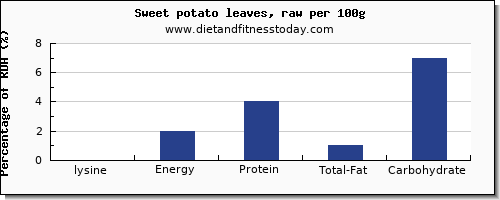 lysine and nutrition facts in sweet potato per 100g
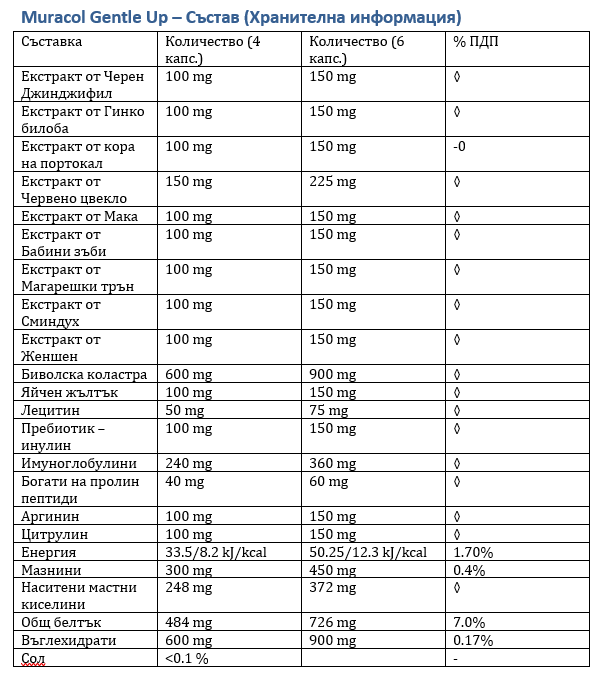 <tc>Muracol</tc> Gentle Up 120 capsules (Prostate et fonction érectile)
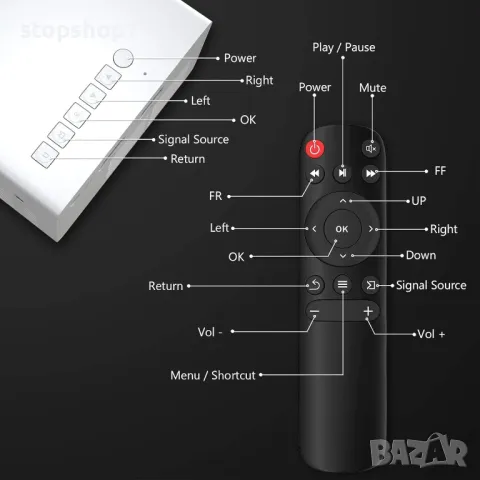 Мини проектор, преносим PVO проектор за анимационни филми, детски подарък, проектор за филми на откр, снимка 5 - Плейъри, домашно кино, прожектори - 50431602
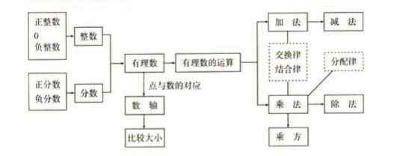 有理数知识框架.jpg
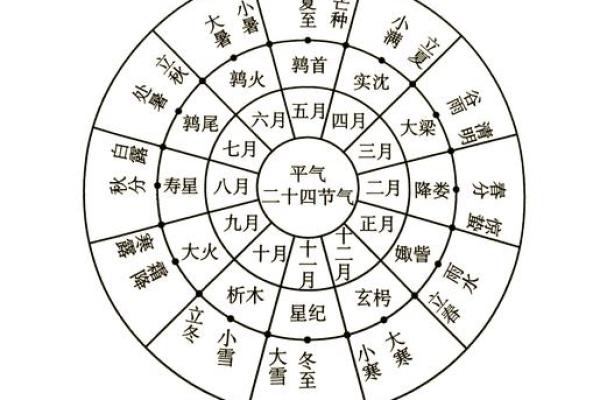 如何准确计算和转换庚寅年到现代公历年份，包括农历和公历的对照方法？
_ _ _
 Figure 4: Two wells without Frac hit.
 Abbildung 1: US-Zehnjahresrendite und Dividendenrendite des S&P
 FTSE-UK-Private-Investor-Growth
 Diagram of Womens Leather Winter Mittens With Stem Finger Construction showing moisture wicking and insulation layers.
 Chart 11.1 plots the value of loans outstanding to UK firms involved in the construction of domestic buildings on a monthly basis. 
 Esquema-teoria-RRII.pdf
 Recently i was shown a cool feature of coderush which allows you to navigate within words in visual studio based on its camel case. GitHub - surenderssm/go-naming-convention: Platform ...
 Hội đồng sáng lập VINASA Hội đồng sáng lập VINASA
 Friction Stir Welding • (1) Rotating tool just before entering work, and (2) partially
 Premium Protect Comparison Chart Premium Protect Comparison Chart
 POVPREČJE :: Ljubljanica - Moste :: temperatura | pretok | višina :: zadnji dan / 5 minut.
_ _ _
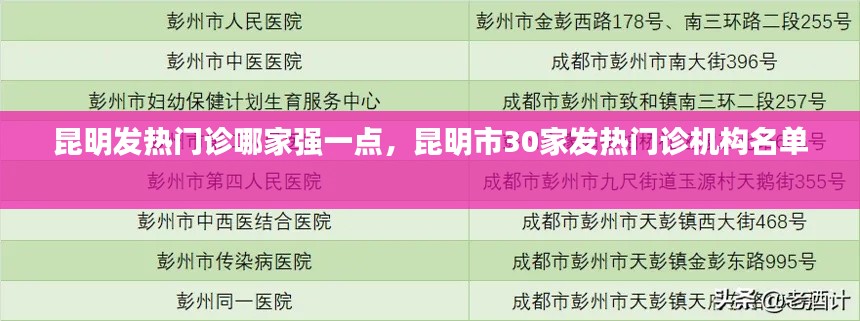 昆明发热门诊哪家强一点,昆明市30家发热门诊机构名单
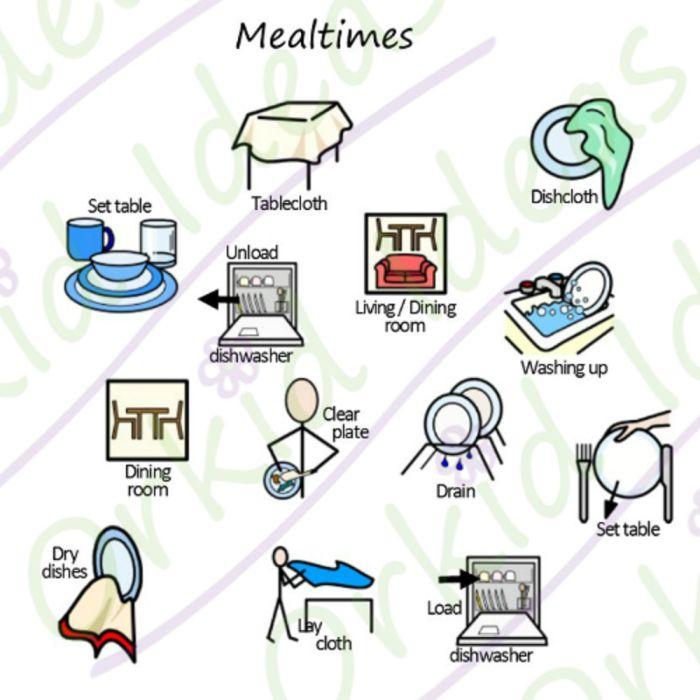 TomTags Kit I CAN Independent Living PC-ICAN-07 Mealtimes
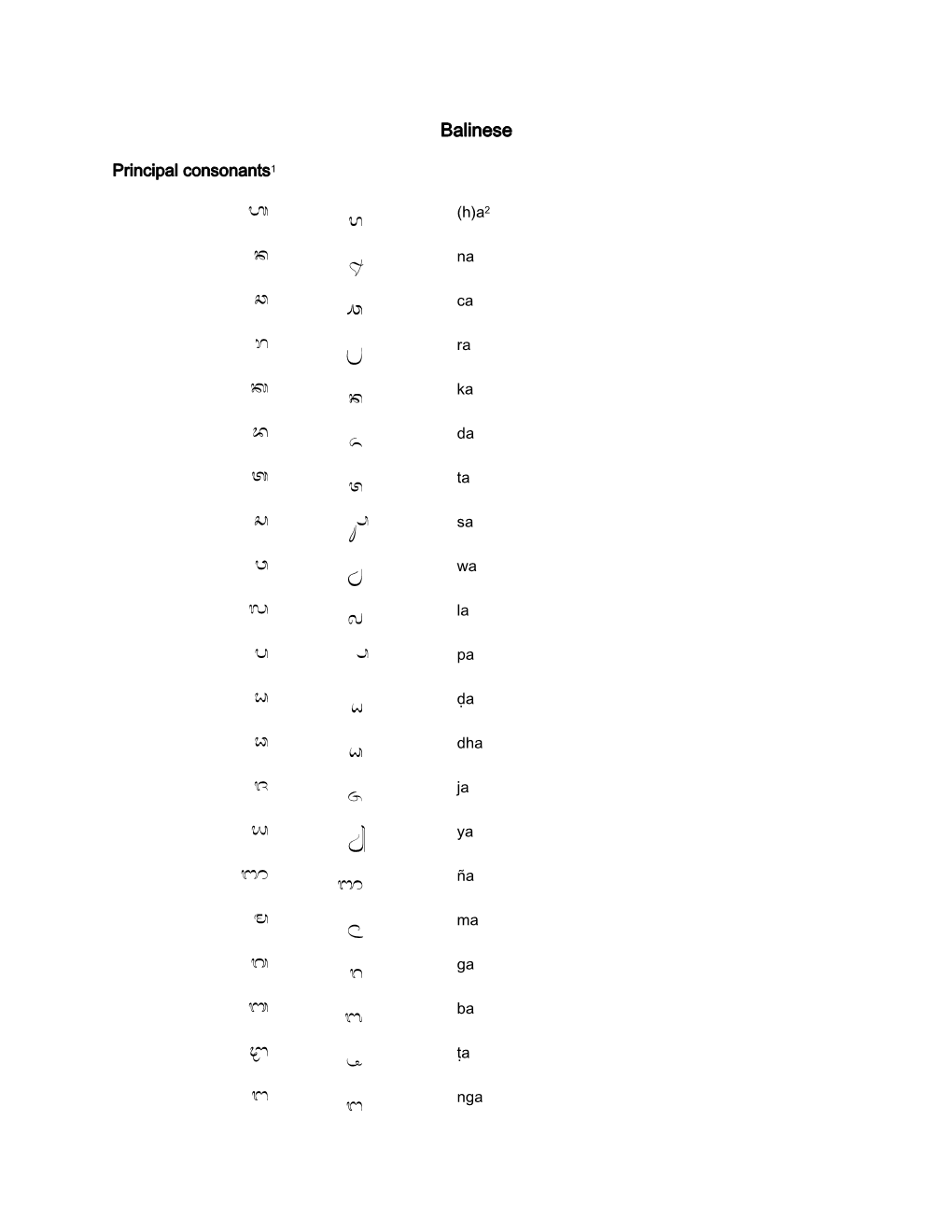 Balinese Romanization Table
_ _ _
- _TASK STATEMENT_:
Extract from the material above the stretch running from the line containing "有理数知识框架.jpg" through the line containing "如何准确计算和转换庚寅年到现代公历年份，包括农历和公历的对照方法？". Keep the text exact and the pictures out.

- _RESULT OF THE EXERCISE_:
 有理数知识框架.jpg
 如何准确计算和转换庚寅年到现代公历年份，包括农历和公历的对照方法？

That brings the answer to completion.